DATASET EXCERPTS below:

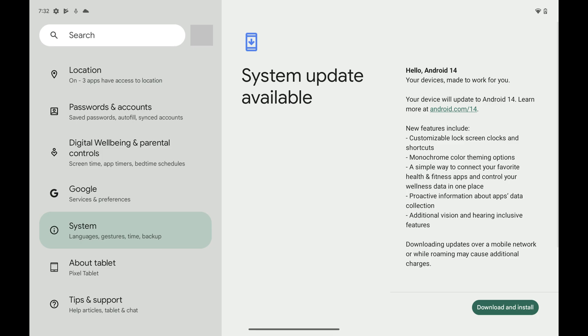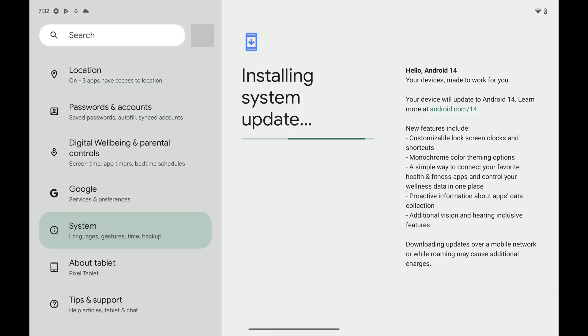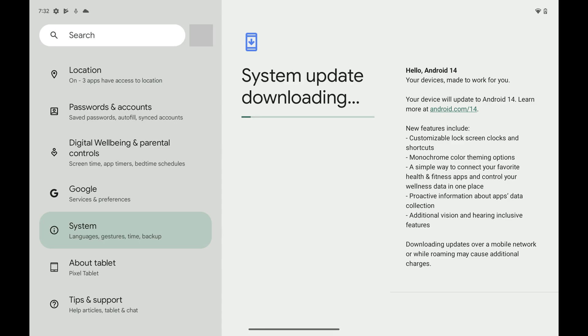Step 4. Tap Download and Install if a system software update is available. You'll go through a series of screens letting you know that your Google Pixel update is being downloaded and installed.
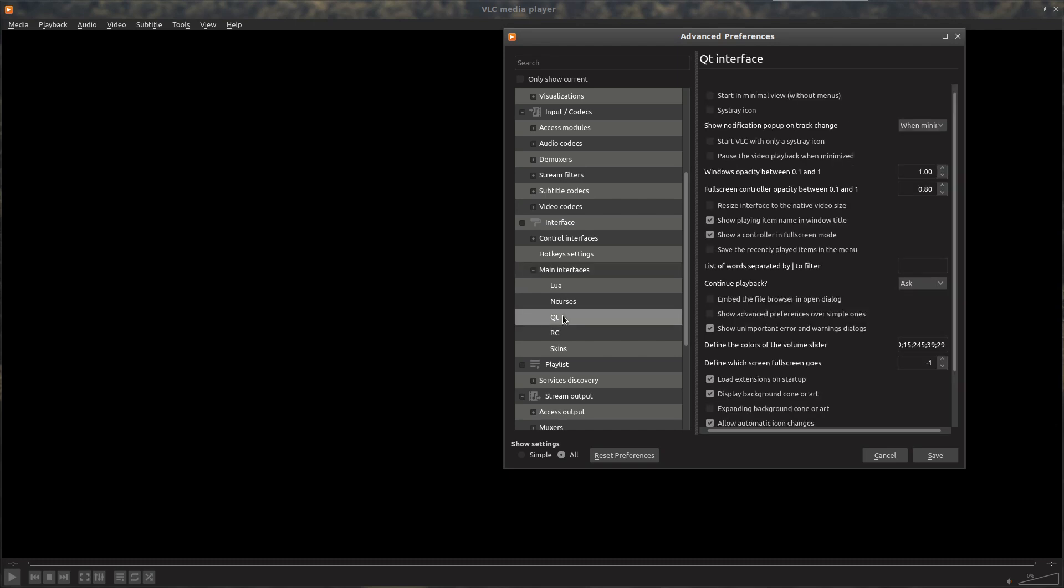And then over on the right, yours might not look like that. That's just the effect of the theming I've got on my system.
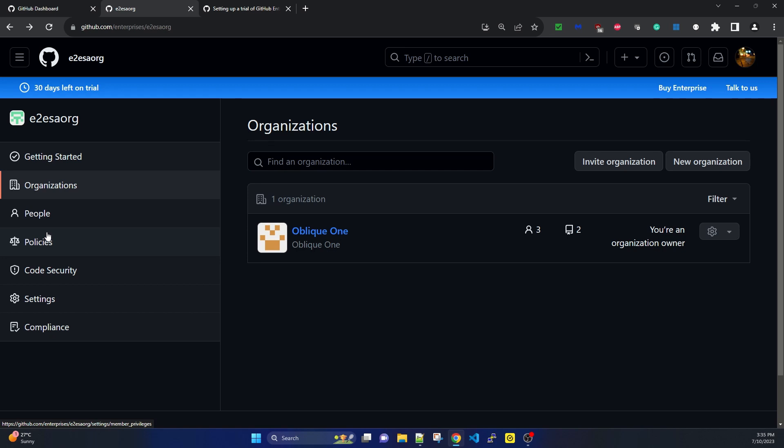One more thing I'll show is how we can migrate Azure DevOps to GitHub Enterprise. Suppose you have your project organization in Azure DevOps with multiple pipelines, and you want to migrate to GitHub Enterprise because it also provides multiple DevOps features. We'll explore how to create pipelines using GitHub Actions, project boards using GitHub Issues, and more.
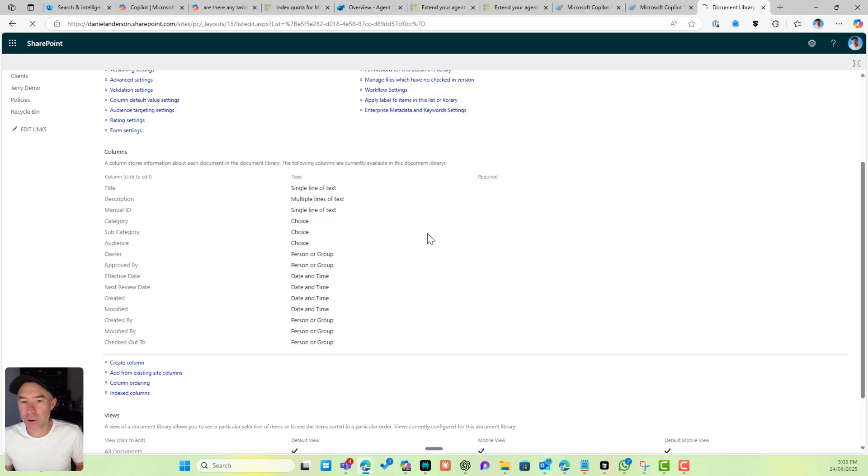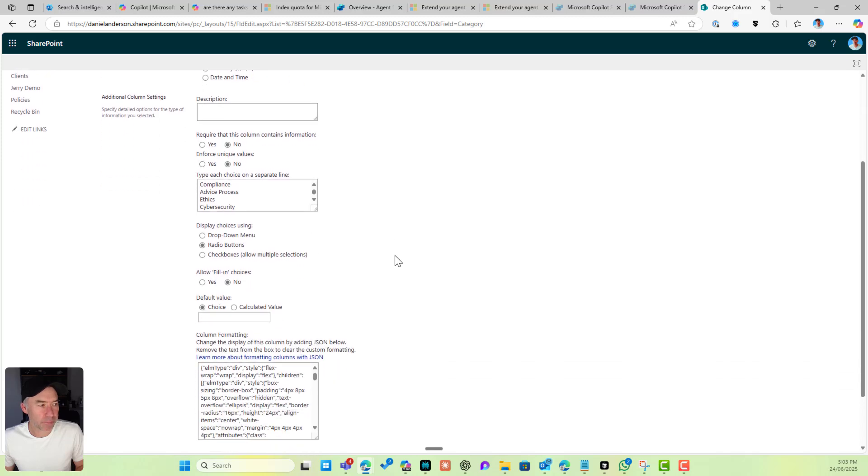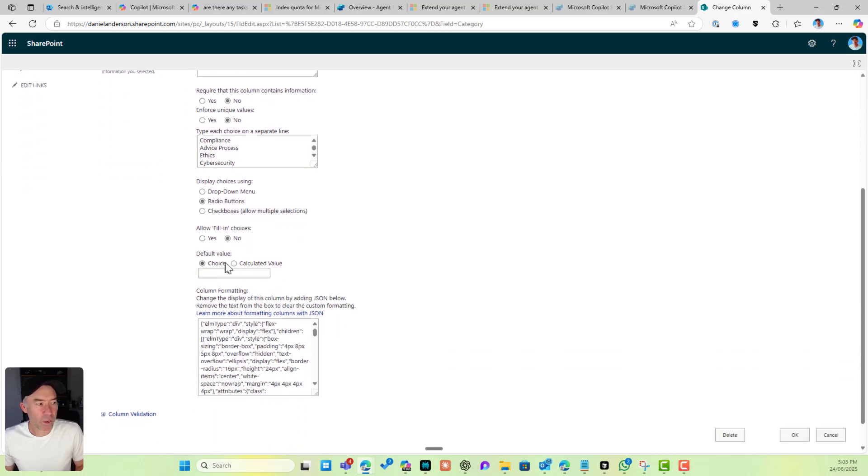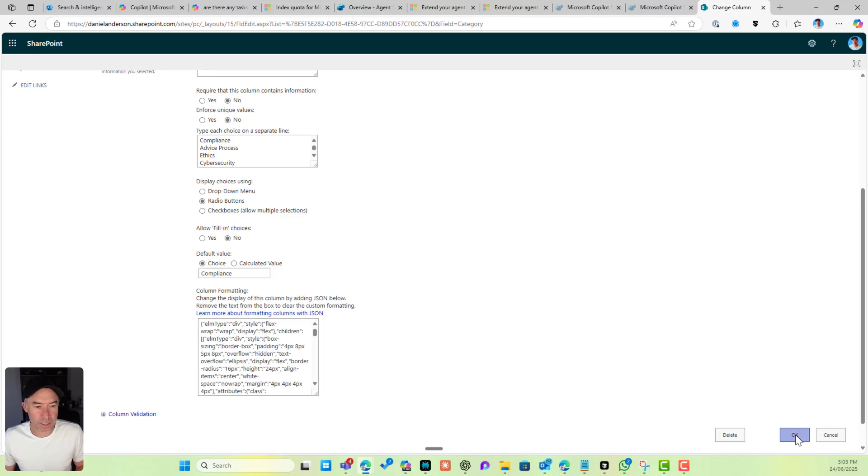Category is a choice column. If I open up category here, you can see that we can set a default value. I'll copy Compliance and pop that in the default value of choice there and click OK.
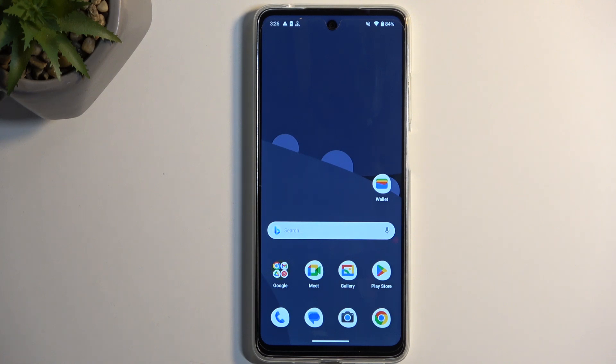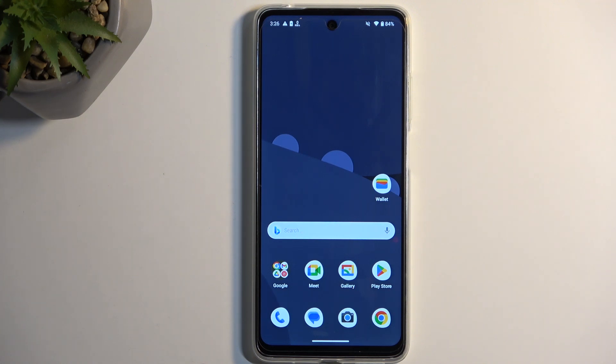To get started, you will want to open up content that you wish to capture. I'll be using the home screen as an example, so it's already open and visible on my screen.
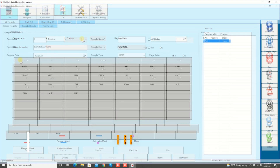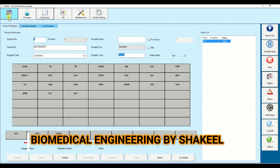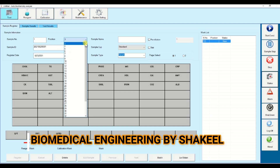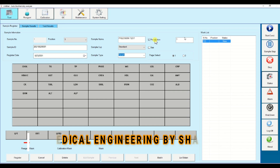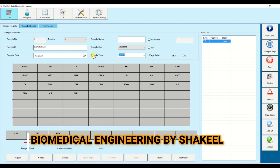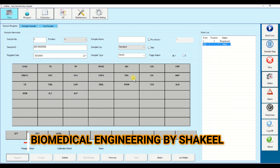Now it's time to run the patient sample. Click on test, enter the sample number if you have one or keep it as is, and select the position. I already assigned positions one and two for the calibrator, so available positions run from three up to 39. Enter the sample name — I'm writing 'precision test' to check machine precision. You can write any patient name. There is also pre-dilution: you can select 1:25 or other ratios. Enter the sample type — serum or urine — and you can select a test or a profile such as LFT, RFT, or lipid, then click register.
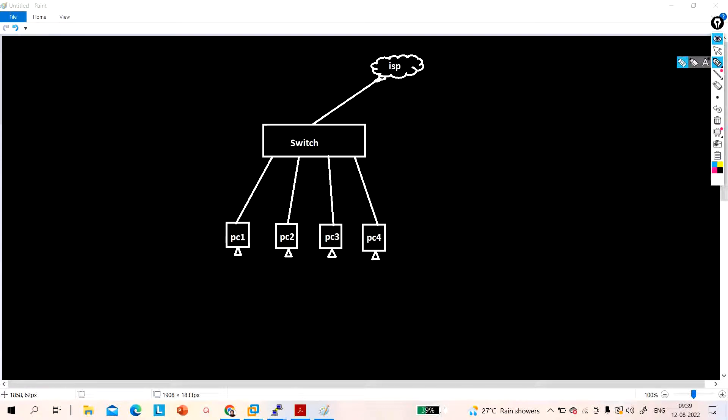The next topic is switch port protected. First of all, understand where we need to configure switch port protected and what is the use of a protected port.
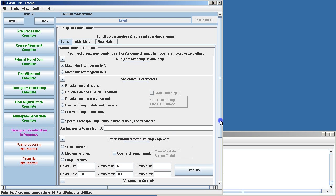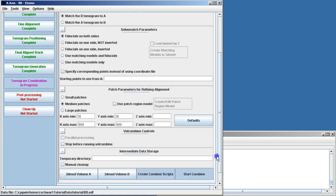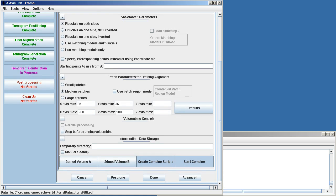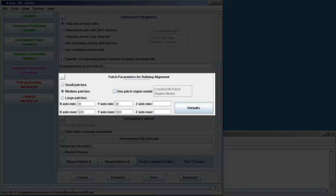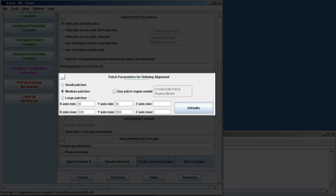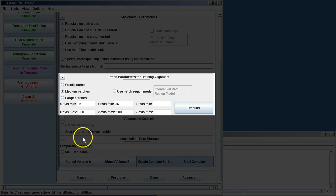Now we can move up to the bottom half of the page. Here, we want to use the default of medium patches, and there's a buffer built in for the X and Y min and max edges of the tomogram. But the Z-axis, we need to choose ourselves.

End of DATASET EXCERPTS.

# TASK INSTRUCTIONS
Output only these lines, word for word: the line containing "Category is a" and every line after it through the last line of the data. Omit the pictures.

# YOUR SOLUTION
Category is a choice column. If I open up category here, you can see that we can set a default value. I'll copy Compliance and pop that in the default value of choice there and click OK.
To get started, you will want to open up content that you wish to capture. I'll be using the home screen as an example, so it's already open and visible on my screen.
Now it's time to run the patient sample. Click on test, enter the sample number if you have one or keep it as is, and select the position. I already assigned positions one and two for the calibrator, so available positions run from three up to 39. Enter the sample name — I'm writing 'precision test' to check machine precision. You can write any patient name. There is also pre-dilution: you can select 1:25 or other ratios. Enter the sample type — serum or urine — and you can select a test or a profile such as LFT, RFT, or lipid, then click register.
The next topic is switch port protected. First of all, understand where we need to configure switch port protected and what is the use of a protected port.
Now we can move up to the bottom half of the page. Here, we want to use the default of medium patches, and there's a buffer built in for the X and Y min and max edges of the tomogram. But the Z-axis, we need to choose ourselves.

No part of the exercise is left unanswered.